Energy & Exploration Partners of Fort Worth is seeking Chapter 11 bankruptcy protection after suppliers and service companies sought payment for tens of millions of dollars in unpaid bills.
Energy & Exploration Partners and Energy & Exploration Partners Operating filed for bankruptcy late Monday in Fort Worth. It made the filings after Schlumberger Technology, Baker & Hughes and Catcus Pipe & Supply initiated an involuntary bankruptcy against the firm on Nov. 25.
Energy & Exploration joins several other companies reorganizing in bankruptcy court as oil prices continue to tumble below $40 a barrel following OPEC’s pledge to keep pumping at record levels, adding to the glut of oil on world markets.
In its filing, Energy & Exploration listed debts of $1 billion to $10 billion and assets of $500 million to $1 billion, while the operating company listed assets of up to $1 million and liabilities between $500 million and $1 billion, court records show.
“We have taken this difficult, but necessary step in order to provide adequate time to complete ongoing discussions and processes with our lenders to restructure our balance sheet and create a strong financial foundation for the future,” said Hunt Pettit, Energy & Exploration Partners’ chief executive officer.
Among the biggest creditors listed by Energy & Exploration Partners were U.S. National Bank Association at $388.8 million and Chesapeake Exploration at $23.3 million. The operating company reported owing Nabors Drilling in Houston $2.8 million; Cactus Pipe & Supply $2.2 million, Schlumberger $1.9 million and Baker Hughes $1.1 million.

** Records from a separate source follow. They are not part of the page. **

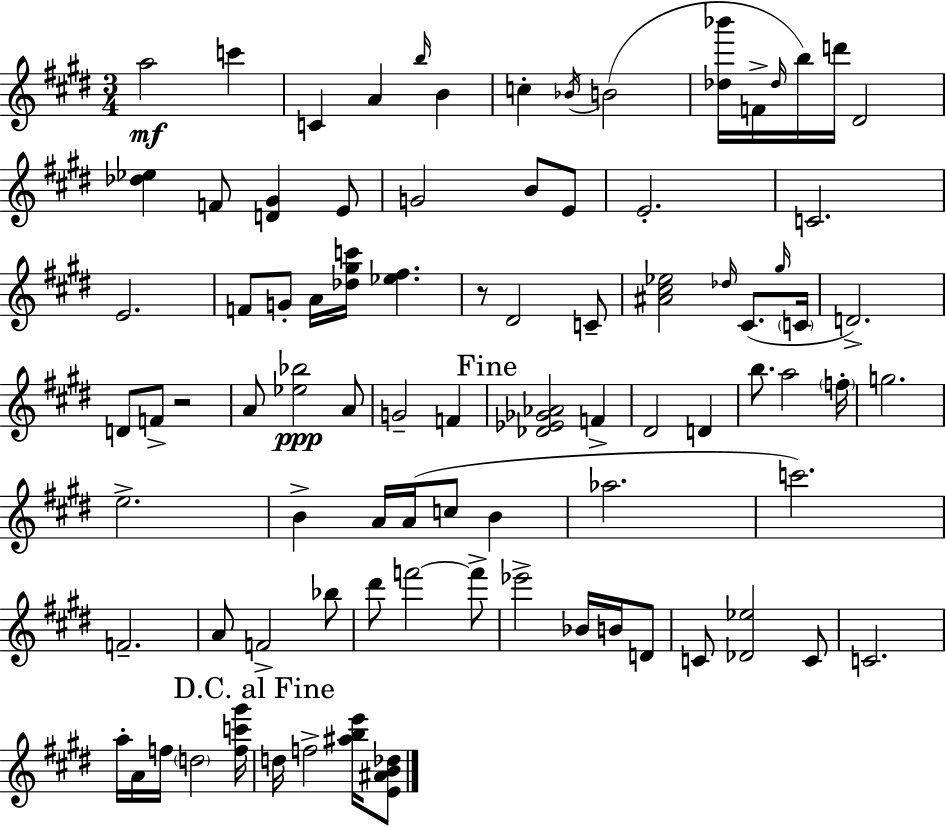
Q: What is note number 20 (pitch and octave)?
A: E4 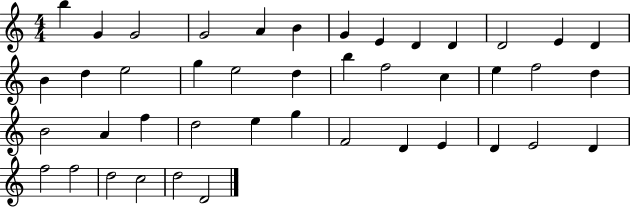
X:1
T:Untitled
M:4/4
L:1/4
K:C
b G G2 G2 A B G E D D D2 E D B d e2 g e2 d b f2 c e f2 d B2 A f d2 e g F2 D E D E2 D f2 f2 d2 c2 d2 D2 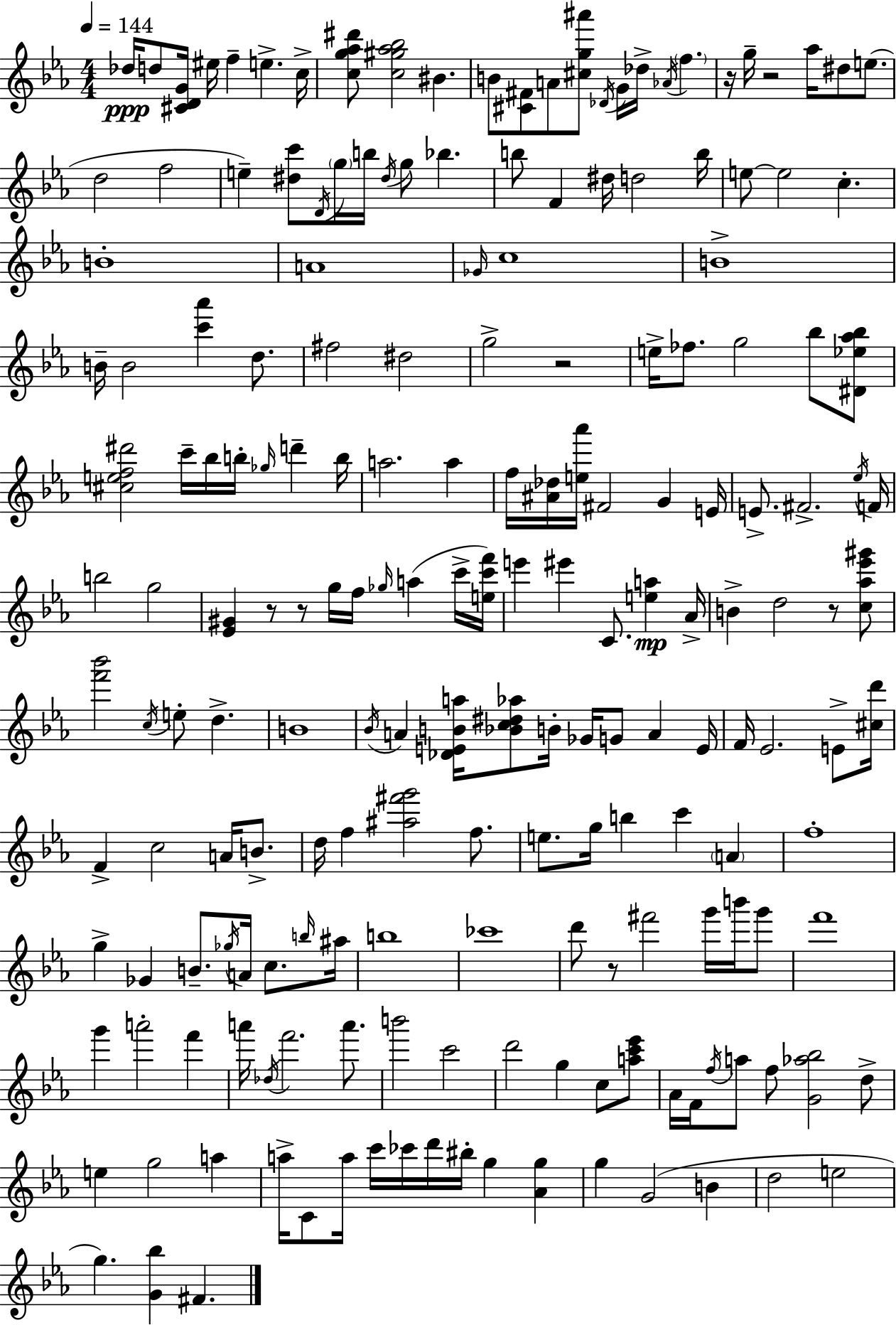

Founded in 2008, Energy & Exploration owns about 61,000 net acres in Texas and Wyoming, with the Texas holdings located mostly in East Texas in the Woodbine and Eagle Ford shales, according to court records.
Interim Chief Financial Officer John Castellano said in court documents that while the company has many valuable assets, its operations have been “significantly impacted by the dramatic decline in global oil prices, the continued low price of natural gas and general uncertainty and dislocation in energy markets.”
Castellano, a managing director for AlixPartners, a restructuring firm hired by Energy & Exploration in October, also said the “unprecedented amount of rainfall in Texas” caused the company to “shut-in” wells, having a “severe and negative impact” on operations.
Other energy companies are in a similar financial pinch.
Fort Worth-based Quicksilver Resources, which filed Chapter 11 bankruptcy in March, will go on the auction block next month. Quicksilver, a big player in the Barnett Shale and other natural gas fields before prices slumped, reported $1.21 billion in assets and $2.35 billion in debts.